Consider the nonlinear Schrödinger equation (I would like to do this for a more complicated set of equations, but to gain understanding I'll consider this simplified case)
$$A_t+iA_{xx}+i|A|^2A =0,$$
where $A=A(x,t)$ is a complex valued function.
One can calculate several conservation laws by looking at the obvious symmetries of its associated action. For instance, we have
$$\frac{\partial |A|^2}{\partial t} +\frac{\partial P}{\partial x} = 0$$
where $$P=i(A^*A_x-AA^*_x)$$
Let's say I wanted to check my variational calculus, and make sure this is in fact true, how would I go about doing this in Mathematica?
$\textbf{EDIT}$: I suppose I'll give some code, to try to provoke some interest.
When solving a simple conservation law $f_t+f_x=0$, the following seems to work
FullSimplify[D[f[x, t], t] + D[f[x, t], x],
Assumptions -> {D[f[x, t], t] == -D[f[x, t], x]}]
However, when I try something comparable for the conservation law given above, e.g.
FullSimplify[
D[u[x, t]^2 + v[x, t]^2, t] -
2 (u[x, t]*D[v[x, t], x] + v[x, t]*D[u[x, t], x]),
Assumptions -> {D[u[x, t],
t] == -(D[u[x, t], x, x] + (u[x, t]^2 + v[x, t]^2)*u[x, t]),
D[v[x, t],
t] == -(D[v[x, t], x, x] + (u[x, t]^2 + v[x, t]^2)*v[x, t])}]
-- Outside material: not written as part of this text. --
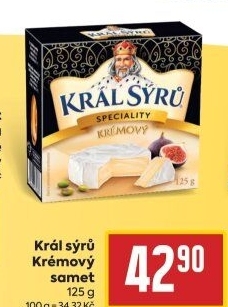 Sýr krémový Král Sýrů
where I've written $A=u+iv$, for $u,v$ real functions. This doesn't yield any type of simplification. In fact it just returns
2 (v[x,t] ((v^(0,1))[x,t]-(u^(1,0))[x,t])+u[x,t] ((u^(0,1))[x,t]-(v^(1,0))
[x,t]))
i.e. no simplification.
$\textbf{Edit 2}$: My algebra was incorrect, this method works in Mathematica using Assumptions.
FullSimplify[
D[u[x, t]^2 + v[x, t]^2, t] -
2 D[(u[x, t]*D[v[x, t], x] - v[x, t]*D[u[x, t], x]), x],
Assumptions -> {D[u[x, t],
t] == (D[v[x, t], x, x] + (u[x, t]^2 + v[x, t]^2)*v[x, t]),
D[v[x, t],
t] == -(D[u[x, t], x, x] + (u[x, t]^2 + v[x, t]^2)*u[x, t])}]